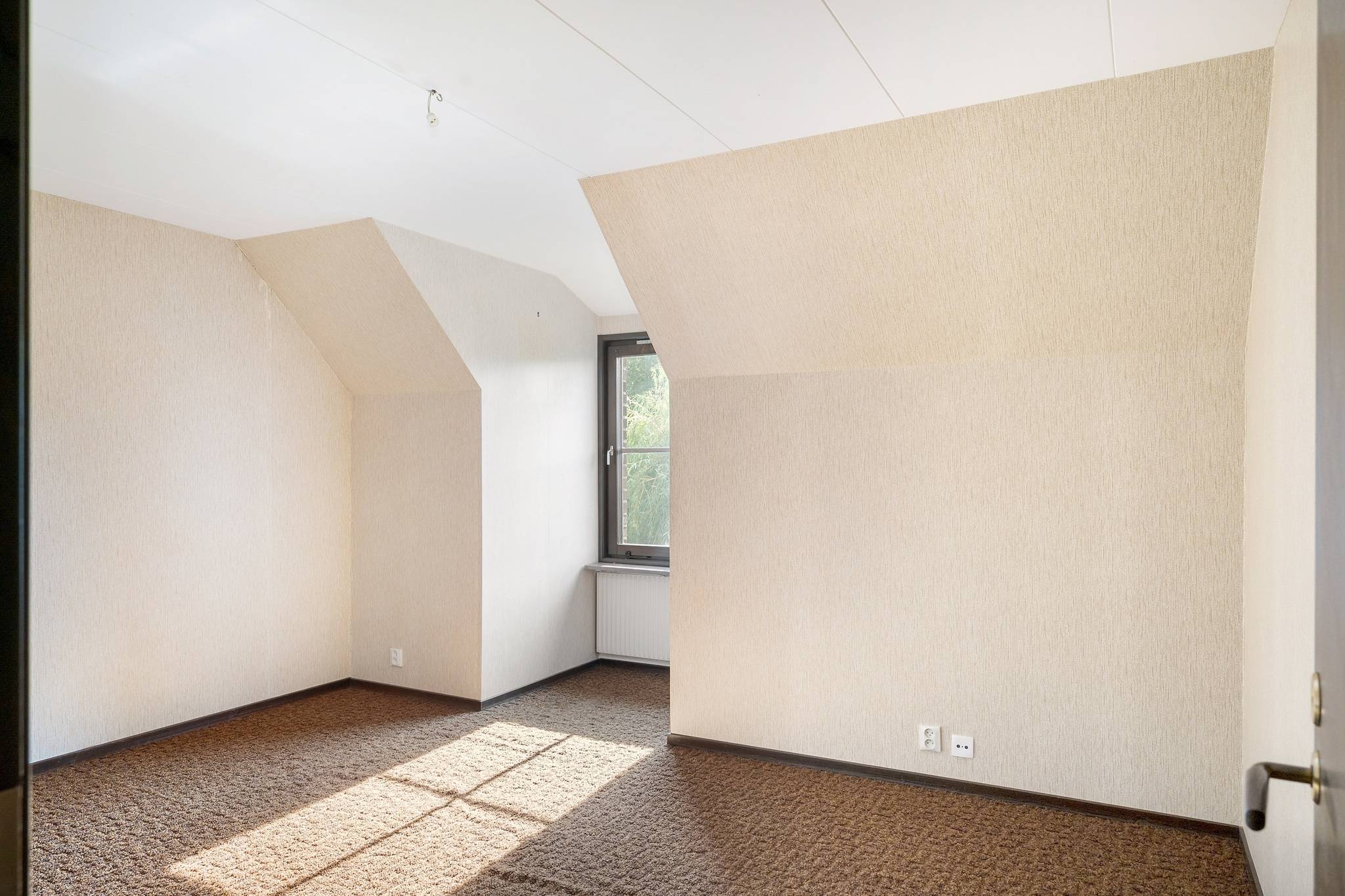 3 rum Radhus på Uardavägen 12G Östra Torn Lunds kommun - bild 18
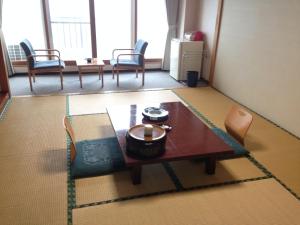 洞爺湖 Hokkai Hotel 3つ星 宿泊施設 スイート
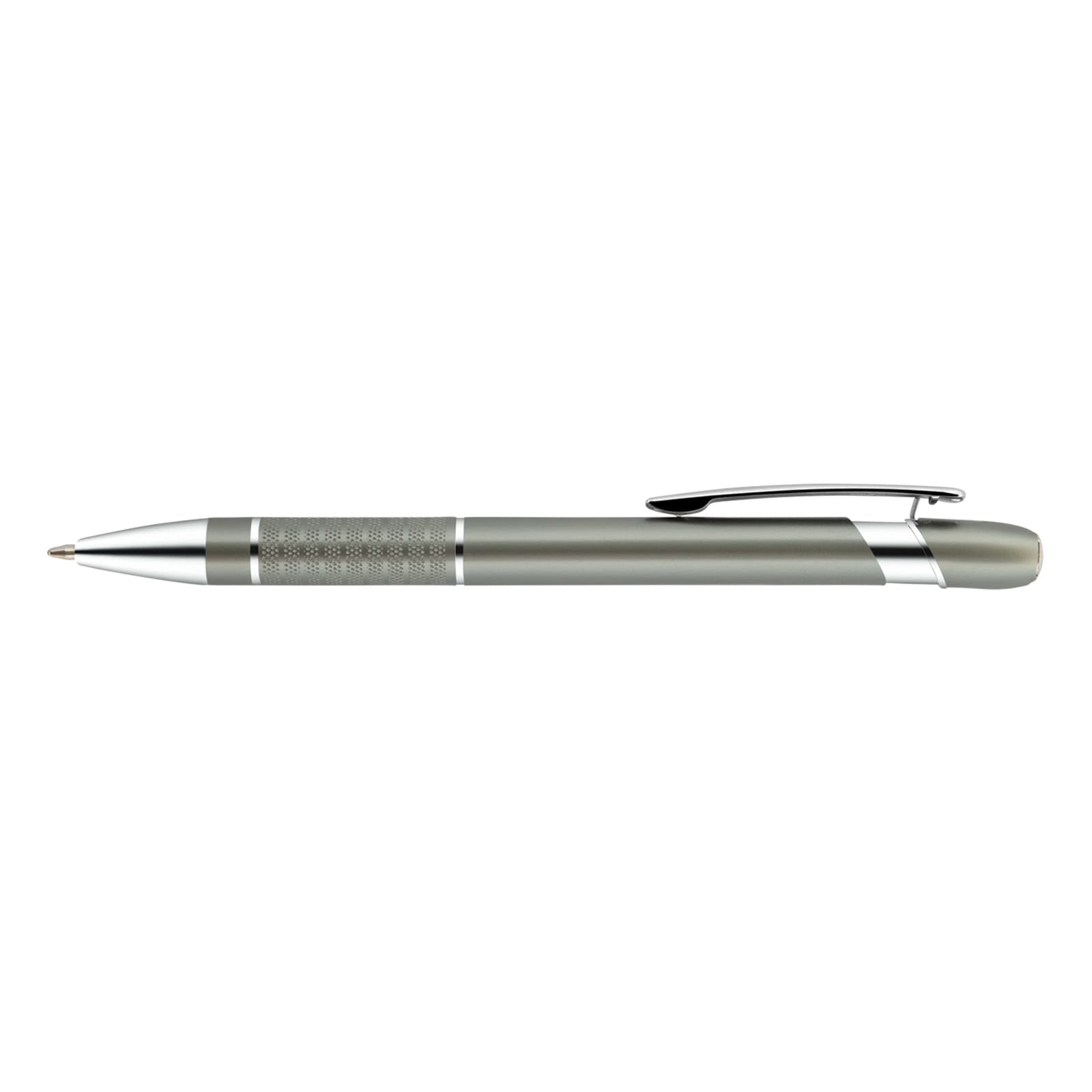 Miami Aluminium Pen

· · · · ·

• _Task item_: Would you print the material exactly once more, without any of its pictures?

• _Result of the task_:
 3 rum Radhus på Uardavägen 12G Östra Torn Lunds kommun - bild 18
 洞爺湖 Hokkai Hotel 3つ星 宿泊施設 スイート
 Miami Aluminium Pen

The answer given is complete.